Work required:
Nothing but the lines below from the one holding "アメリカ、ワシントン、レイニア山国立公園。 マグネット (右側)" up to and including the one holding "Pensiunea Bucovina" should be copied, exactly and without pictures.
[Start of section]
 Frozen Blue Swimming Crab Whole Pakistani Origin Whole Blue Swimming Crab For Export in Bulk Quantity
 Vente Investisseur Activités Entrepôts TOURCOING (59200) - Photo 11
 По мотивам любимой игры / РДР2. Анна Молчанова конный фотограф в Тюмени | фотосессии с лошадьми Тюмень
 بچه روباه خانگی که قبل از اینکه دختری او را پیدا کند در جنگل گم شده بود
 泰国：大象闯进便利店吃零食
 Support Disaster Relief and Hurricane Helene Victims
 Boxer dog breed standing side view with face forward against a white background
[End of section]
[Start of section]
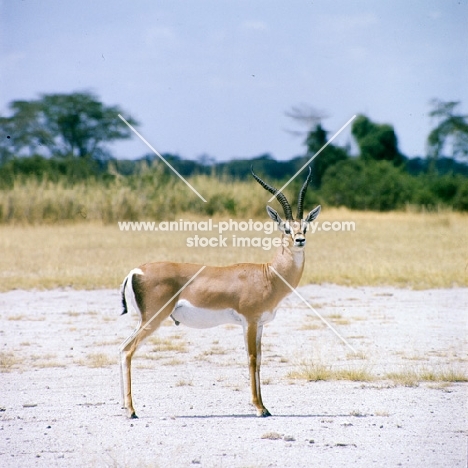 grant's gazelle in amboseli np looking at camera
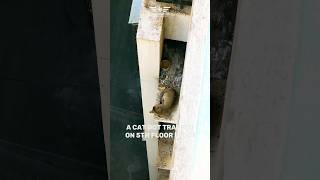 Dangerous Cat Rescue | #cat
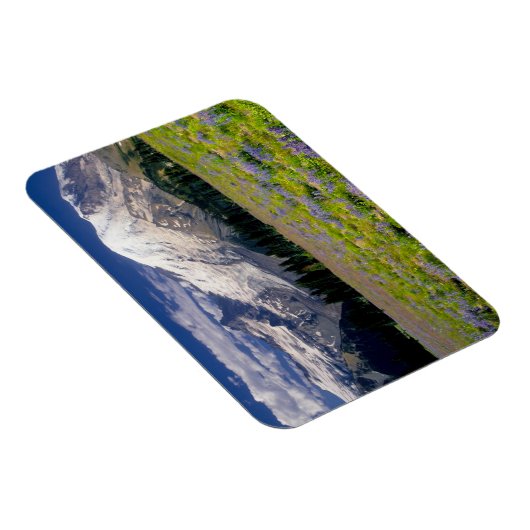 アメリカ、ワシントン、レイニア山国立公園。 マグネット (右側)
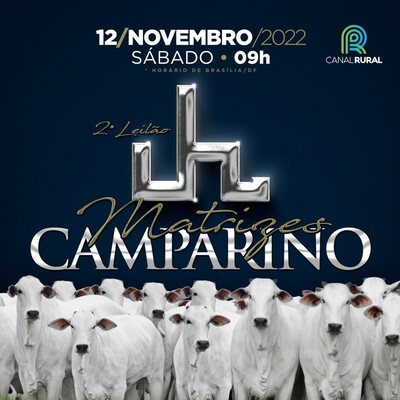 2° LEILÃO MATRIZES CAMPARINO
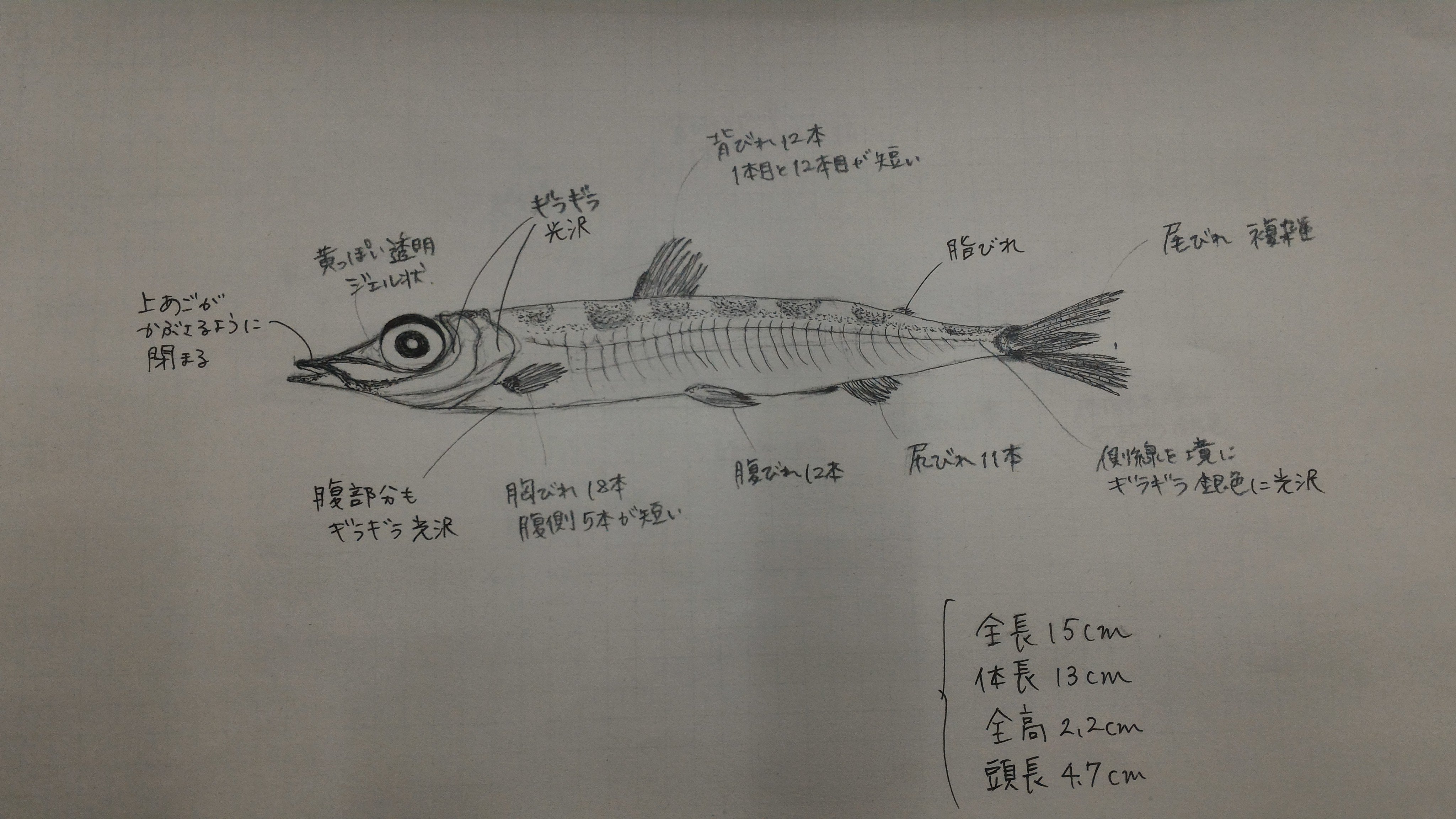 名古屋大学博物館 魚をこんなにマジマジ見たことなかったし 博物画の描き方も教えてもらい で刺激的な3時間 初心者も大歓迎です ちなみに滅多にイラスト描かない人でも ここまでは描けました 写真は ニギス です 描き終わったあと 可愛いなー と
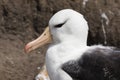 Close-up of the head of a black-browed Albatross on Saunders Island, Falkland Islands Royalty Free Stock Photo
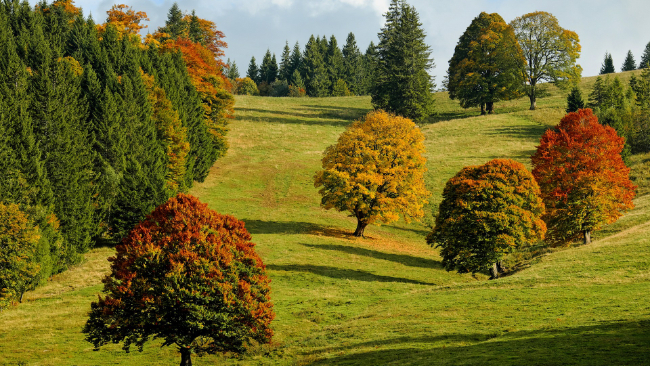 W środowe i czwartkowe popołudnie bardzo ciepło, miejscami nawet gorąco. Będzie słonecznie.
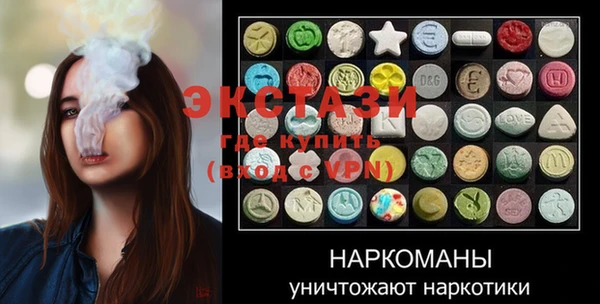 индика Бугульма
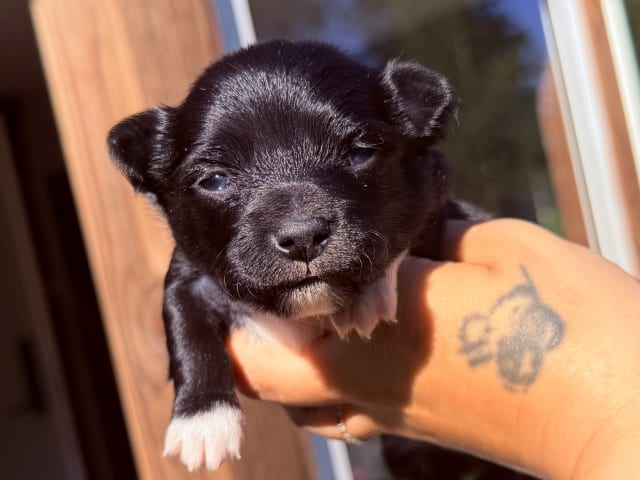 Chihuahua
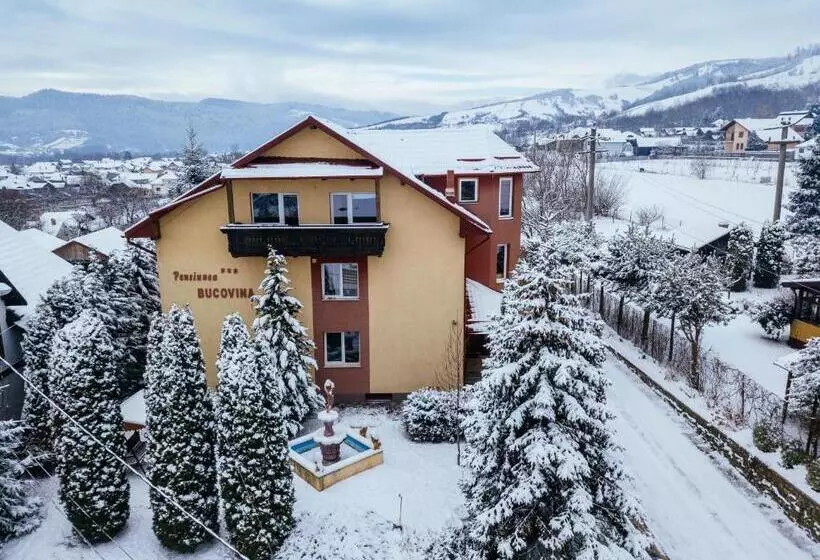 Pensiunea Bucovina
[End of section]
Solution to this exercise:
 アメリカ、ワシントン、レイニア山国立公園。 マグネット (右側)
 2° LEILÃO MATRIZES CAMPARINO
 名古屋大学博物館 魚をこんなにマジマジ見たことなかったし 博物画の描き方も教えてもらい で刺激的な3時間 初心者も大歓迎です ちなみに滅多にイラスト描かない人でも ここまでは描けました 写真は ニギス です 描き終わったあと 可愛いなー と
 Close-up of the head of a black-browed Albatross on Saunders Island, Falkland Islands Royalty Free Stock Photo
 W środowe i czwartkowe popołudnie bardzo ciepło, miejscami nawet gorąco. Będzie słonecznie.
 индика Бугульма
 Chihuahua
 Pensiunea Bucovina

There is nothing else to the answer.